A word-for-word copy of the following listing is needed. Leave out its images.

━━━━━ SOURCE MATERIAL

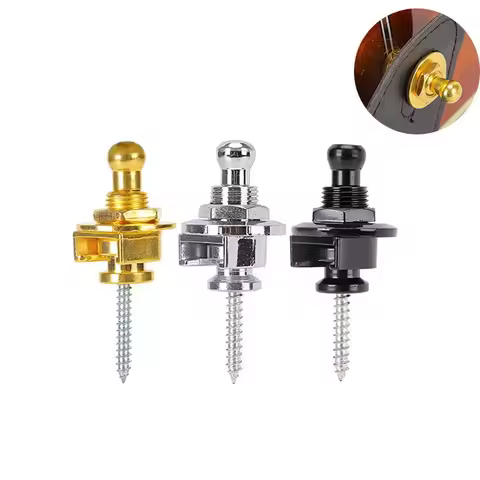 Guitar Bass Strap Lock Skidproof StrapLock Locking Metal Security Locking Buttons Pins for Acoustic 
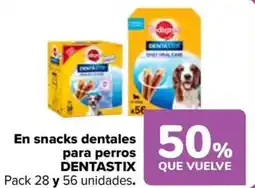 Carrefour DENTASTIX En snacks dentales para perros oferta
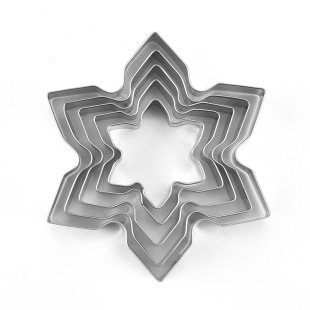 New Arrival Cherry Blossom Christmas Tree Biscuit Mold 5 Piece Set Halloween Easter Gingerbread Man Stainless Steel Biscuit Cross Border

━━━━━━━━━━

• ANSWER SECTION:
 Guitar Bass Strap Lock Skidproof StrapLock Locking Metal Security Locking Buttons Pins for Acoustic 
 Carrefour DENTASTIX En snacks dentales para perros oferta
 New Arrival Cherry Blossom Christmas Tree Biscuit Mold 5 Piece Set Halloween Easter Gingerbread Man Stainless Steel Biscuit Cross Border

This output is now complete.